Oh mein Gott – wie die Zeit vergeht – eigentlich fand ich, dass sich diese drei Monate ewig hingezogen haben, aber wenn ich mir die Zahl auf der Zunge zergehen lasse, ist ein Drittel der Schwangerschaft schon geschafft. Lest in diesem Beitrag mehr über meine ersten 3 Monate der Schwangerschaft.

Das ist auch das, was mir meine Freundinnen gesagt haben, weil ich des Öfteren gemeckert habe, dass die ersten Wochen gefühlt gar nicht vergehen. Wahrscheinlich, weil ich am liebsten der ganzen Welt erzählen würde, dass ein kleines Gummibärchen in mir wächst.

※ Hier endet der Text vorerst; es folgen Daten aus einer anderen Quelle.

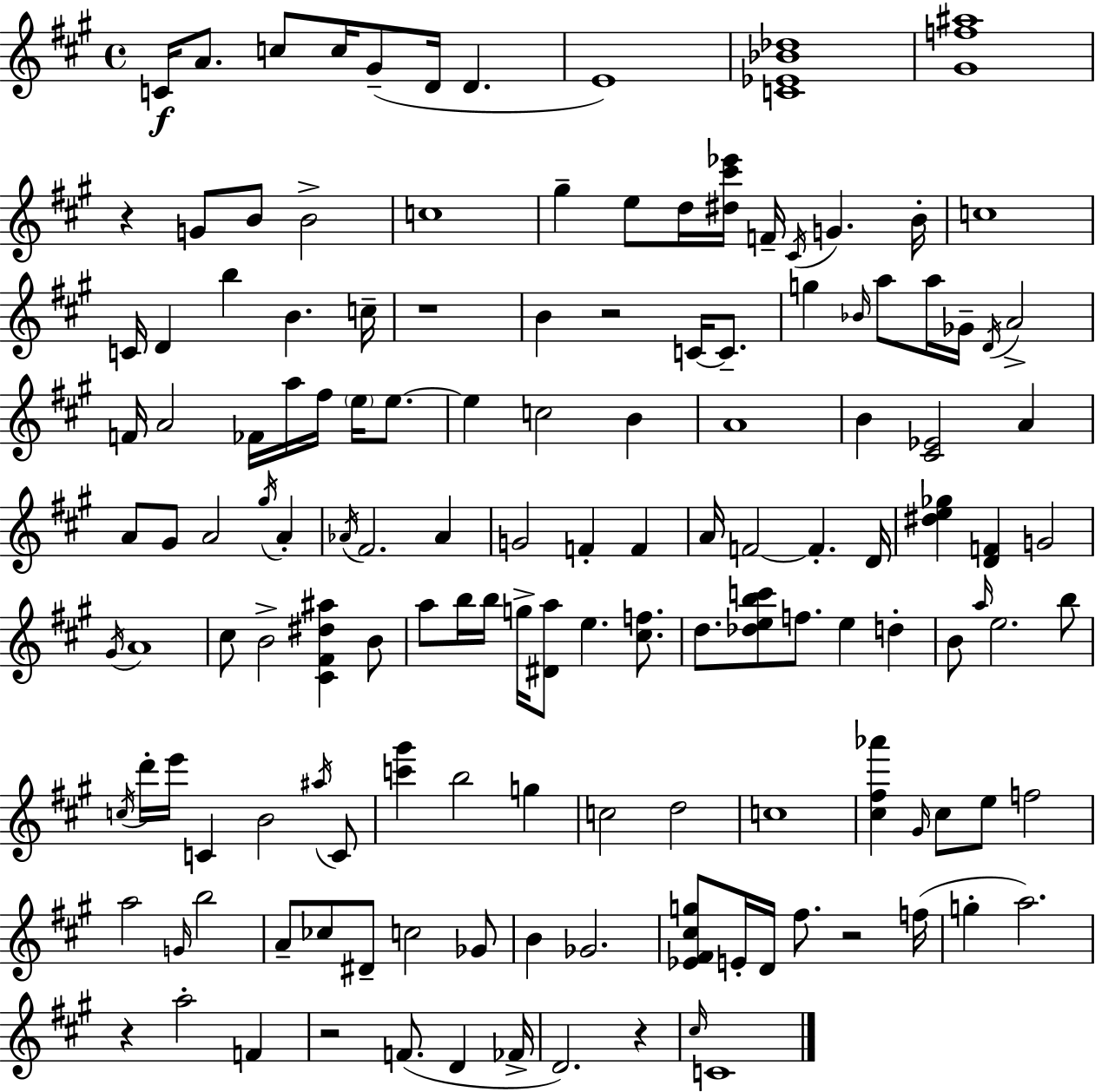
C4/s A4/e. C5/e C5/s G#4/e D4/s D4/q. E4/w [C4,Eb4,Bb4,Db5]/w [G#4,F5,A#5]/w R/q G4/e B4/e B4/h C5/w G#5/q E5/e D5/s [D#5,C#6,Eb6]/s F4/s C#4/s G4/q. B4/s C5/w C4/s D4/q B5/q B4/q. C5/s R/w B4/q R/h C4/s C4/e. G5/q Bb4/s A5/e A5/s Gb4/s D4/s A4/h F4/s A4/h FES4/s A5/s F#5/s E5/s E5/e. E5/q C5/h B4/q A4/w B4/q [C#4,Eb4]/h A4/q A4/e G#4/e A4/h G#5/s A4/q Ab4/s F#4/h. Ab4/q G4/h F4/q F4/q A4/s F4/h F4/q. D4/s [D#5,E5,Gb5]/q [D4,F4]/q G4/h G#4/s A4/w C#5/e B4/h [C#4,F#4,D#5,A#5]/q B4/e A5/e B5/s B5/s G5/s [D#4,A5]/e E5/q. [C#5,F5]/e. D5/e. [Db5,E5,B5,C6]/e F5/e. E5/q D5/q B4/e A5/s E5/h. B5/e C5/s D6/s E6/s C4/q B4/h A#5/s C4/e [C6,G#6]/q B5/h G5/q C5/h D5/h C5/w [C#5,F#5,Ab6]/q G#4/s C#5/e E5/e F5/h A5/h G4/s B5/h A4/e CES5/e D#4/e C5/h Gb4/e B4/q Gb4/h. [Eb4,F#4,C#5,G5]/e E4/s D4/s F#5/e. R/h F5/s G5/q A5/h. R/q A5/h F4/q R/h F4/e. D4/q FES4/s D4/h. R/q C#5/s C4/w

„Du wirst dich nach dieser Zeit zurücksehnen, denn die nächsten Monate vergehen wie im Flug.“

Ich bin wirklich gespannt, wie sich die bevorstehenden Wochen entwickeln. Teilweise ist wohl auch meine Ungeduld schuld, da ich eifrig jeden Tag vorm Spiegel stehe, um zu sehen, ob mein Bauch schon wächst.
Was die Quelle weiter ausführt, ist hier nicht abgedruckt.